PhyloPyPruner is a Python package for refining the output of a graph-based orthology inference approach such as [OrthoMCL](https://www.ncbi.nlm.nih.gov/pubmed/12952885), [OrthoFinder](https://www.ncbi.nlm.nih.gov/pubmed/26243257) or [HaMStR](https://www.ncbi.nlm.nih.gov/pubmed/19586527). Similar to other tree-based orthology inference methods (e.g., [PhyloTreePruner](https://www.ncbi.nlm.nih.gov/pmc/articles/PMC3825643/), [UPhO](https://academic.oup.com/mbe/article/33/8/2117/2578877), [Agalma](https://www.ncbi.nlm.nih.gov/pmc/articles/PMC3840672/) and [Phylogenomic Dataset Reconstruction](https://www.ncbi.nlm.nih.gov/pubmed/25158799)), it uses phylogenetic trees in order to obtain genes that are 1:1 orthologous. In addition to filters and algorithms seen in pre-existing tools, this package provides new methods for differentiating [contamination-like sequences](https://gitlab.com/fethalen/phylopypruner/wikis/About-PhyloPyPruner#contamination-like-issues-) from paralogs.
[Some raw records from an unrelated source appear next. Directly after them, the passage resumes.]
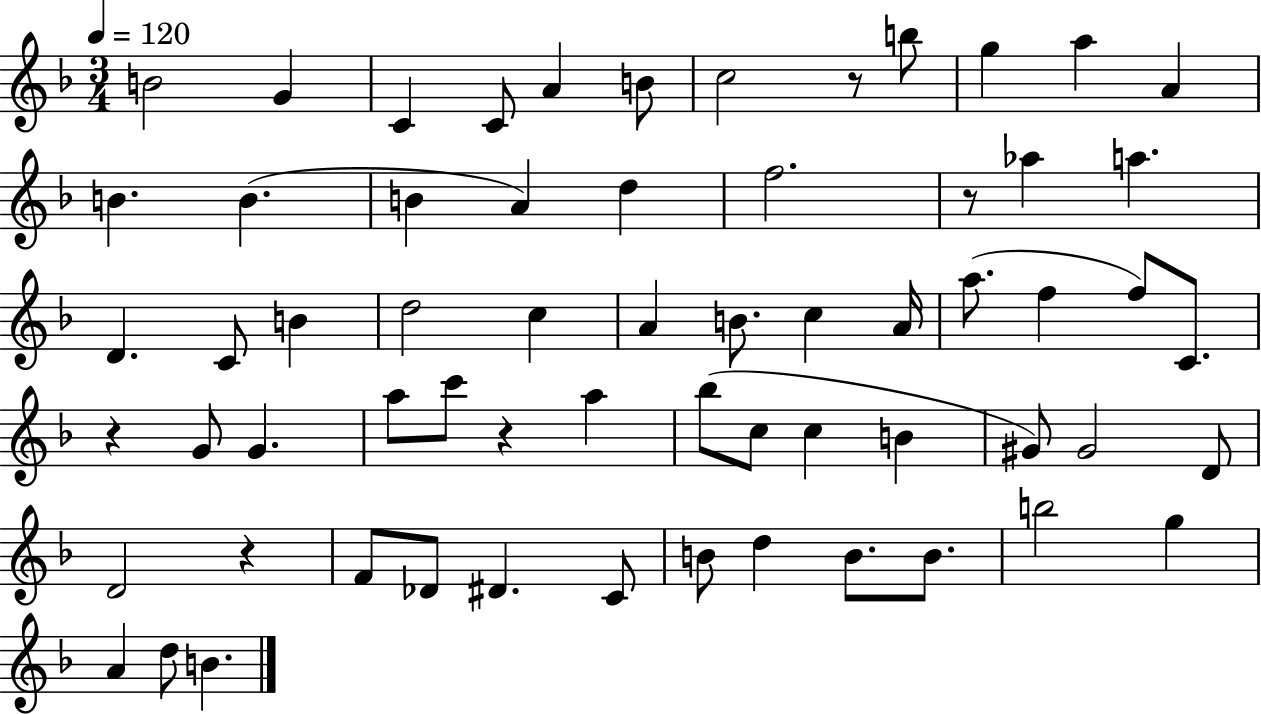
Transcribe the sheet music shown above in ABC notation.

X:1
T:Untitled
M:3/4
L:1/4
K:F
B2 G C C/2 A B/2 c2 z/2 b/2 g a A B B B A d f2 z/2 _a a D C/2 B d2 c A B/2 c A/4 a/2 f f/2 C/2 z G/2 G a/2 c'/2 z a _b/2 c/2 c B ^G/2 ^G2 D/2 D2 z F/2 _D/2 ^D C/2 B/2 d B/2 B/2 b2 g A d/2 B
PhyloPyPruner is under active development and I would appreciate it if you try this software on your own data and [leave feedback](mailto:felix.thalen@uni-goettingen.de).
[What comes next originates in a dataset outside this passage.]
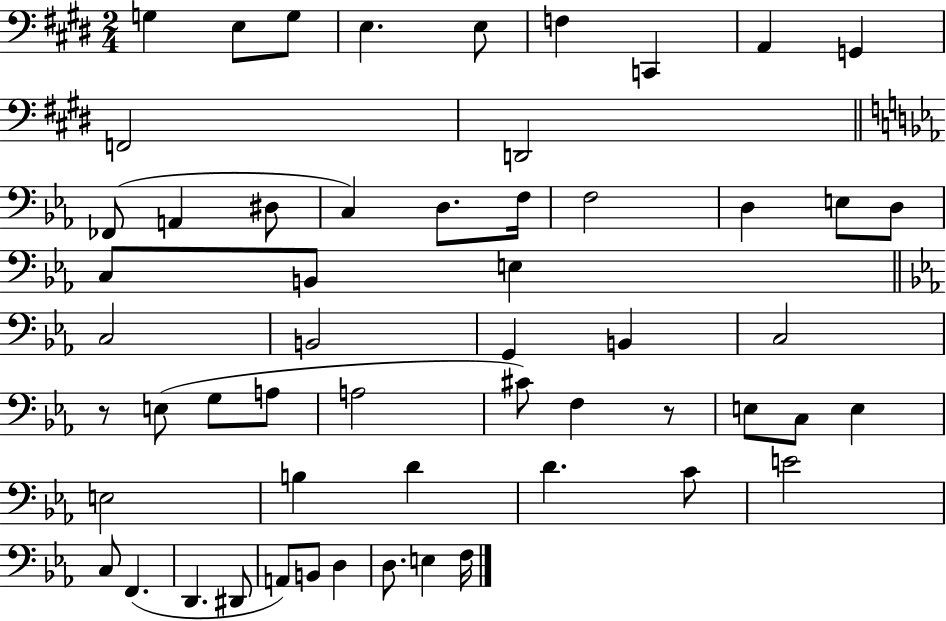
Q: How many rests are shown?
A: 2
![proteomes2orthologs](https://gitlab.com/fethalen/phylopypruner/raw/master/doc/images/proteomes2orthologs.png)

Figure 1. An overview of a tree-based orthology inference approach. First, sequences from different species are clustered together based on an all-versus-all BLAST, followed by Markov clustering. Each node in the cluster corresponds to a sequence and each edge corresponds to a similarity score. Homologous groups are then aligned and a phylogenetic tree is inferred from the alignment. From this tree, orthologous groups can be identified and paralogs are pruned away.

## Quick installation

The easiest way to install PhyloPyPruner is by using the package manager for Python, [pip](https://pypi.org/project/pip/):

`bash pip install phylopypruner # install for all users pip install --user phylopypruner # install for the current user only `

Once installed, the program is located within $HOME/.local/bin. Depending on your OS, you might have to add the directory to your $PATH to avoid typing the entire path. Once in your path, you run the program like this:

`bash phylopypruner `

## [Documentation](https://gitlab.com/fethalen/phylopypruner/wikis)

## Cite

Our manuscript is still in preparation, it will be posted here once a preprint of the article is available.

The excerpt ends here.